Apa yang dimaksud dengan pendekatan dalam studi
Islam?
b.
Bagaimana filosofi kemungkinan dalam pemahaman
studi Islam?
c.
Pendekatan-pendekatan apa saja yang digunakan
dalam pengkajian studi Islam?
d.
Bagaimana pemahaman pendekatan dalam metodelogi
penelitian?
BAB
II
PEMBAHASAN
A.
Pengertian
Pendekatan Dalam Studi Islam
Ada beberapa istilah yang mempunyai arti yang hampir
sama dan menunjukkan tujuan yang sama dengan pendekatan, yaitu theoretical framework, conceptual framework,
approach, perspective, point of view (sudut pandang) dan paradigm (paradigma). Semua istilah ini bisa
diartikan sebagai cara memandang dan cara menjelaskan sesuatu gejala atau
peristiwa.[2] Pengertian pendekatan yang
dimaksud disini adalah sebuah cara pandang atau paradigma yang terdapat dalam
suatu bidang ilmu pengetahuan yang selanjutnya digunakan dalam memahami studi
Islam. Istilah
lain yang maknanya sama dengan pendekatan, yaitu episteme dan wacana. Episteme
ialah cara manusia memandang dan memahami suatu fenomena, sedangkan wacana ialah cara manusia membicarakan
kenyataan.
Terkait
dengan istilah pendekatan masih diperdebatkan dan melahirkan dua kelompok
besar. Pertama, berpendapat bahwa arti pendekatan
mempunyai dua makna yaitu dipandang atau dihampiri dengan dan cara menghampiri
atau memandang fenomena (budaya dan sosial). Jika dipandang dengan, pendekatan
berarti paradigma sedangkan cara menghampiri atau memandang pendekatan berarti
perspektif atau sudut pandang. Kedua,
pendekatan
ialah disiplin ilmu, dengan kata lain pendekatan disini menggunakan teori-teori
dari disiplin ilmu sosiologi yang dijadikan sebagai pendekatan sosiologi untuk
mengkaji studi Islam.[3]
Studi
Islam secara etimologis merupakan terjemahan dari bahasa Arab Dirasah
Islamiyah. Dalam kajian Islam di Barat studi Islam disebut Islamic Studies.

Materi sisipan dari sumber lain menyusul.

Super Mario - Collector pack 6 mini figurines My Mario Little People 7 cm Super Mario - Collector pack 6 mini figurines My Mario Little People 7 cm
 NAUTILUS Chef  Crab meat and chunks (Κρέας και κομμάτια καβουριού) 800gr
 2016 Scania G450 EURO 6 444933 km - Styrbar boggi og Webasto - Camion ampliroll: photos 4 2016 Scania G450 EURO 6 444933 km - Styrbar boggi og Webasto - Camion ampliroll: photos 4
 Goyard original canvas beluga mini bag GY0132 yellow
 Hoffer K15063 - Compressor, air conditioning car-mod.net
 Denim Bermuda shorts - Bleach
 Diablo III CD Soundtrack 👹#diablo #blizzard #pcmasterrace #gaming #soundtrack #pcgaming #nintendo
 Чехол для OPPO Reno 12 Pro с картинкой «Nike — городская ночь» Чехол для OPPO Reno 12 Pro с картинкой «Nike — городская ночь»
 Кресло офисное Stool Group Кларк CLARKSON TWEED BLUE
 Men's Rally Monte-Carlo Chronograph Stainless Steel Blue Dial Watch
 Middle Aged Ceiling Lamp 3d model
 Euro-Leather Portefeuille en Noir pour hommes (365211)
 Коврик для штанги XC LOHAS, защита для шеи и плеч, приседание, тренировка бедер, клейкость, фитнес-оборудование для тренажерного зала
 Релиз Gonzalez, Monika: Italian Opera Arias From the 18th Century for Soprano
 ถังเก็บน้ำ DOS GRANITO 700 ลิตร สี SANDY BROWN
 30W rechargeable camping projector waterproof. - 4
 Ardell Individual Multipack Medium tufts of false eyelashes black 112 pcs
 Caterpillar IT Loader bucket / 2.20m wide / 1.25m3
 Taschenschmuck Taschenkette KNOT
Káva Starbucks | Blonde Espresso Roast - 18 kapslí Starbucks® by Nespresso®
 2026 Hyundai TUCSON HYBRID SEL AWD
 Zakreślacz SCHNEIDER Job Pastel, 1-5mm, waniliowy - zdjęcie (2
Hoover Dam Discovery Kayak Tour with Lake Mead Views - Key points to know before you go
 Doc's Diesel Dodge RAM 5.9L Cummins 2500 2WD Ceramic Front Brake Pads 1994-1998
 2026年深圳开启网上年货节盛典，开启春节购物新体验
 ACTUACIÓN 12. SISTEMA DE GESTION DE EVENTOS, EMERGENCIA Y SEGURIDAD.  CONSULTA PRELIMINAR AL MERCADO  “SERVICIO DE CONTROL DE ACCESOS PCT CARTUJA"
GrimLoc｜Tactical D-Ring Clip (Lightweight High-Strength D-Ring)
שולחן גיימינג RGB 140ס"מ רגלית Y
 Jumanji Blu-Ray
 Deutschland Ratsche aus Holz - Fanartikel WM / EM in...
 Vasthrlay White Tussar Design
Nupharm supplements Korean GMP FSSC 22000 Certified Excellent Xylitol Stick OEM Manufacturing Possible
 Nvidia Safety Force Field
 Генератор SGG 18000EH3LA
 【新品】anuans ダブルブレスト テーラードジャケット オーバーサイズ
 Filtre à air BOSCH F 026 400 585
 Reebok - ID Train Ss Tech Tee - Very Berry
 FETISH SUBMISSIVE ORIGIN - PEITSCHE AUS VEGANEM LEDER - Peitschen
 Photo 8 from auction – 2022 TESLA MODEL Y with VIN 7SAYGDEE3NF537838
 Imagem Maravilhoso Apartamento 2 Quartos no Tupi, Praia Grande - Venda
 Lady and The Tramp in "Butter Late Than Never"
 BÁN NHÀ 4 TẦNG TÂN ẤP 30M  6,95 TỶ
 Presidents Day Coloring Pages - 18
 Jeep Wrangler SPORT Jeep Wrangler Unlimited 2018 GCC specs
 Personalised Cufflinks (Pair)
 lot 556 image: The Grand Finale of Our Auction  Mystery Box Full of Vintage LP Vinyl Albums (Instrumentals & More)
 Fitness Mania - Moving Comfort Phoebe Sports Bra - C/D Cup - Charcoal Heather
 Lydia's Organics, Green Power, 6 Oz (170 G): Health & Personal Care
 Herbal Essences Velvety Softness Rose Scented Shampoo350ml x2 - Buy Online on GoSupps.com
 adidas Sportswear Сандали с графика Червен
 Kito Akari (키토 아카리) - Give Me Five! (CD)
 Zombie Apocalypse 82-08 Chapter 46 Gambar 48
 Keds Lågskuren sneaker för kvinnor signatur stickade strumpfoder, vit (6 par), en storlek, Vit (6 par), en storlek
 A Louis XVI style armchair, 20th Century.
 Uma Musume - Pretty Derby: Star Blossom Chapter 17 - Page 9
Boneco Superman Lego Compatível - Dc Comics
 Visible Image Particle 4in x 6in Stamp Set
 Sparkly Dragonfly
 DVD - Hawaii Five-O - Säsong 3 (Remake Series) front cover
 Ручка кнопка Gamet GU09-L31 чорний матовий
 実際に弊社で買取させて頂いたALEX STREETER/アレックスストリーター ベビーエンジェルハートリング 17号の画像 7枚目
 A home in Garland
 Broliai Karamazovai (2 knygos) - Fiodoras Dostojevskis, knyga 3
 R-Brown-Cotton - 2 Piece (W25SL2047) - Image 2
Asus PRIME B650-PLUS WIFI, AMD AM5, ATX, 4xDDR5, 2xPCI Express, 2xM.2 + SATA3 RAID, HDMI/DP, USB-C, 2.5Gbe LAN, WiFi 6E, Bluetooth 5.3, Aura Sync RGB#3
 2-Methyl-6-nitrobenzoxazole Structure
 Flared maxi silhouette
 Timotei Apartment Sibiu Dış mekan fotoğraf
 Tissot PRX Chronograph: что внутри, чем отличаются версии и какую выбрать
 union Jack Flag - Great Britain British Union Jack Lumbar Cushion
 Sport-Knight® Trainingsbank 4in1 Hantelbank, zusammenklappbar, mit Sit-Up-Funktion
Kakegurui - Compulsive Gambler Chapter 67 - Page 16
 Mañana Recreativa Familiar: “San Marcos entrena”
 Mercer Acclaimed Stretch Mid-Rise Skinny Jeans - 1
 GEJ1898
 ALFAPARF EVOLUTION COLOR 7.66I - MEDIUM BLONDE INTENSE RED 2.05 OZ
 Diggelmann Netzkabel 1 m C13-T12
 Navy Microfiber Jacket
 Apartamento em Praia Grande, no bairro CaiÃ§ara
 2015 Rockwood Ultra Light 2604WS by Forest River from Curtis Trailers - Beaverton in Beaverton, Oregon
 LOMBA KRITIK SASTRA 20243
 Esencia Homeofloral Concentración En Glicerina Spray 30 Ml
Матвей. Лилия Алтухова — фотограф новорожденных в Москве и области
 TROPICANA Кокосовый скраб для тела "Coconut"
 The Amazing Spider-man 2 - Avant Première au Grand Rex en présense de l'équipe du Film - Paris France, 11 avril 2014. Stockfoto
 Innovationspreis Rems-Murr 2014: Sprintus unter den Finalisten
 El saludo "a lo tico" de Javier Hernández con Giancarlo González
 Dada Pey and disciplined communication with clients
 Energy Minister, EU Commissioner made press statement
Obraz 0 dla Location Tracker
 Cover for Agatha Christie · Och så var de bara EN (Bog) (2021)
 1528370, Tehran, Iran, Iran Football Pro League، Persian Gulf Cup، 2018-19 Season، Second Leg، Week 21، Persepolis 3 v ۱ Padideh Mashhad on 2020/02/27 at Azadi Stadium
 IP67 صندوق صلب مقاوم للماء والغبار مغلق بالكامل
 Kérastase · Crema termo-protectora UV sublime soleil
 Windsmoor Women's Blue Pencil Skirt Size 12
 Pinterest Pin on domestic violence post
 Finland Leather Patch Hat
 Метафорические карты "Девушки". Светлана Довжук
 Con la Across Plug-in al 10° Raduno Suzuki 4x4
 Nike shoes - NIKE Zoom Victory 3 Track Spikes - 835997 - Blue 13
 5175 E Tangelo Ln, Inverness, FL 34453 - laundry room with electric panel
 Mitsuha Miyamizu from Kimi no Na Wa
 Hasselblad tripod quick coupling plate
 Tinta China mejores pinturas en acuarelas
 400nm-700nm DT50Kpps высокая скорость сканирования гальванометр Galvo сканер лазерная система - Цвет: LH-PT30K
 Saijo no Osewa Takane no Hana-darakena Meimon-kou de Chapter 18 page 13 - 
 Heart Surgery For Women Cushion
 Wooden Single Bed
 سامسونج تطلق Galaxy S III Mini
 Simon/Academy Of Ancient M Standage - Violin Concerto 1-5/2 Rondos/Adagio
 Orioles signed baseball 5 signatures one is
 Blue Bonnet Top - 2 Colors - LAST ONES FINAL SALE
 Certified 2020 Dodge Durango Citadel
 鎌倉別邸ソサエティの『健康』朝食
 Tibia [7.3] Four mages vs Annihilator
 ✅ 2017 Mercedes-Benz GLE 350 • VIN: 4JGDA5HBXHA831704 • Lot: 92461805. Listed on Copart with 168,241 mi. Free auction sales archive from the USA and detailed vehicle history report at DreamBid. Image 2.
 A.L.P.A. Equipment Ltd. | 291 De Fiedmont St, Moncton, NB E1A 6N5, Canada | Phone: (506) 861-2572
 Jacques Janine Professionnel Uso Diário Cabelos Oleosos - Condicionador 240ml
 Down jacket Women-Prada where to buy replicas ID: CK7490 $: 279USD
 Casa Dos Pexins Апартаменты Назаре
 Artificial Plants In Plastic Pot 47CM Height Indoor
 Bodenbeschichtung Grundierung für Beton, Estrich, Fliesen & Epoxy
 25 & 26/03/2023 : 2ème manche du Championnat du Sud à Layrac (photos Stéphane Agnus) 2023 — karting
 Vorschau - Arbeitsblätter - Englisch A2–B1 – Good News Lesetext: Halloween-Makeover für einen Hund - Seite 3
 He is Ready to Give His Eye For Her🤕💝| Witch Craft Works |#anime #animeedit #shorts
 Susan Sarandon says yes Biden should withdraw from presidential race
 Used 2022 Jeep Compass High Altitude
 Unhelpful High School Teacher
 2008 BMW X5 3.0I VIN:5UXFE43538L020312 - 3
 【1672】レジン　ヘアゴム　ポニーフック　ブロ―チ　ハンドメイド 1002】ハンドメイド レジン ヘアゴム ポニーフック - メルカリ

Dengan demikian, studi Islam secara harfiyah adalah kajian tentang hal-hal yang
berkaitan dengan keislaman.
Studi Islam berasal dari dua kata study
(mempelajari, mengkaji) dan Islam (ajaran Islam sebagai petunjuk bagi
pengimannya). Studi Islam merupakan upaya manusia
mengkaji dengan metode-metode analisis tertentu untuk mendapatkan suatu
pemahaman mengenai pengetahuan Islam mengenai sesuatu.
Hasil kajian
ini melahirkan berbagai model pemahaman Islam yang dikenal dengan ilmu-ilmu
keislaman.
Berpijak
pada arti Islam di atas, maka studi Islam diarahkan pada kajian keislaman yang
mengarah pada dua hal :
Pertama,
Islam yang bermuara pada ketundukan atau berserah diri. Sikap berserah diri
kepada Tuhan itu secara inheren mengandung konsekuensi, yaitu pengakuan yang
tulus bahwa Tuhan satu-satunya sumber otoritas yang serba mutlak. Kedua, Islam bermuara pada kedamaian.
Makhluk hidup diciptakan dari satu sumber (Q.S Al-Anbiya':22). Manusia
merupakan salah satu unsur yang hidup itu, juga diciptakan dari satu sumber,
yakni melalui seorang ayah dan seorang ibu, sehingga manusia harus berdampingan
dan harmonis dengan manusia yang lain, berdampingan dengan makhluk hidup lain,
bahkan berdampingan dengan alam raya.
Dari arti di atas, studi
Islam mencerminkan gagasan tentang pemikiran dan praksis yang bernuansa pada
ketundukan pada Tuhan, selamat di dunia-akhirat dan berdamai dengan makhluk
lain.
Sejalan dengan
pembidangan ilmu dalam studi Islam, pendekatan dalam studi Islam pun mengalami
perkembangan, sejalan dengan perkembangan ilmu pengetahuan.[4]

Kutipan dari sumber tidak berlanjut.